--- START ---
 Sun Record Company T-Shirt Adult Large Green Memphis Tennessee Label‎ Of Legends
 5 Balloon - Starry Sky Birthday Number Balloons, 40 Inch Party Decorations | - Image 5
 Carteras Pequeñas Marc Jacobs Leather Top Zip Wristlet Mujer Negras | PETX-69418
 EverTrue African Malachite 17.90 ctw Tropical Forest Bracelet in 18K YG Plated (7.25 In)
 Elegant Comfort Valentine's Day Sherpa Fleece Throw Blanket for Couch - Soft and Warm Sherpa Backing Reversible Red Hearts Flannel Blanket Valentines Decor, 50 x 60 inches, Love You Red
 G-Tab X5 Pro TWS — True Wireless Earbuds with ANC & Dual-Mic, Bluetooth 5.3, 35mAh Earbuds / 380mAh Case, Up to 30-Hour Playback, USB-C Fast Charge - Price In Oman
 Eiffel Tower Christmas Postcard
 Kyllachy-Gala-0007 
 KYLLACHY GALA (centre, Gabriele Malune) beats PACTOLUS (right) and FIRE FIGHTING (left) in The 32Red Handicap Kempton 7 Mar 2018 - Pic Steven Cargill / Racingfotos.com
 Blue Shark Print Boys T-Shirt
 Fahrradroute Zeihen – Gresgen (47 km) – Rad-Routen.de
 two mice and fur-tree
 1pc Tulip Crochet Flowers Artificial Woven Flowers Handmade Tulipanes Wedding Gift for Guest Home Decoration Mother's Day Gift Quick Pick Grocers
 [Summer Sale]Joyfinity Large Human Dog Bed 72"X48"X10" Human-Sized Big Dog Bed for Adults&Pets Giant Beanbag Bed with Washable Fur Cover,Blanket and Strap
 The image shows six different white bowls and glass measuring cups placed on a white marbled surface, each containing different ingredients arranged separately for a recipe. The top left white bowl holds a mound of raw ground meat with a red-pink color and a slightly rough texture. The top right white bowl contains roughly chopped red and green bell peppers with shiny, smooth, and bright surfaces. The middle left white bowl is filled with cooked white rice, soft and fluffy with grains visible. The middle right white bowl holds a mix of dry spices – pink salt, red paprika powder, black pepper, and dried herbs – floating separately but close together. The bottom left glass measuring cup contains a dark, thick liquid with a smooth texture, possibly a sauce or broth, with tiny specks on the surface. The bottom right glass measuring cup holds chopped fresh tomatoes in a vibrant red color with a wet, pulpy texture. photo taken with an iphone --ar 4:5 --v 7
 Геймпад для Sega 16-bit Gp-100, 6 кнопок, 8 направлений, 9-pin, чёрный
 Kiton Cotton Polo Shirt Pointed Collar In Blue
--- END ---
[ACTION ITEM] For each line of the material that contains the word "left", make a copy.

[WRITTEN SOLUTION]
 KYLLACHY GALA (centre, Gabriele Malune) beats PACTOLUS (right) and FIRE FIGHTING (left) in The 32Red Handicap Kempton 7 Mar 2018 - Pic Steven Cargill / Racingfotos.com
 The image shows six different white bowls and glass measuring cups placed on a white marbled surface, each containing different ingredients arranged separately for a recipe. The top left white bowl holds a mound of raw ground meat with a red-pink color and a slightly rough texture. The top right white bowl contains roughly chopped red and green bell peppers with shiny, smooth, and bright surfaces. The middle left white bowl is filled with cooked white rice, soft and fluffy with grains visible. The middle right white bowl holds a mix of dry spices – pink salt, red paprika powder, black pepper, and dried herbs – floating separately but close together. The bottom left glass measuring cup contains a dark, thick liquid with a smooth texture, possibly a sauce or broth, with tiny specks on the surface. The bottom right glass measuring cup holds chopped fresh tomatoes in a vibrant red color with a wet, pulpy texture. photo taken with an iphone --ar 4:5 --v 7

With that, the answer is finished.